-- Your objective --
Leave the pictures out. Return all other data exactly.

-- Data section --
<<<<

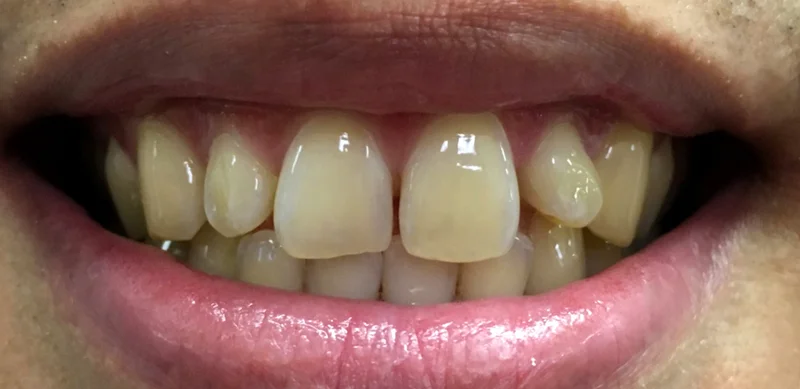 Before cosmetic work treatment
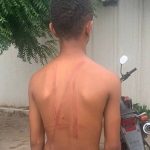 Jovem acusado de furto é chicoteado por populares no interior do Piauí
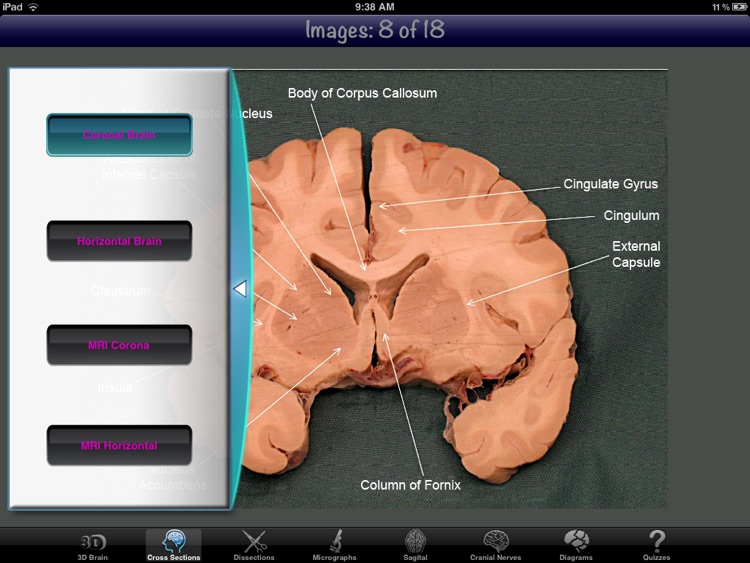 Anatomy Of The Brain 2D/3D screenshot-4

>>>>

-- Exercise output --
 Before cosmetic work treatment
 Jovem acusado de furto é chicoteado por populares no interior do Piauí
 Anatomy Of The Brain 2D/3D screenshot-4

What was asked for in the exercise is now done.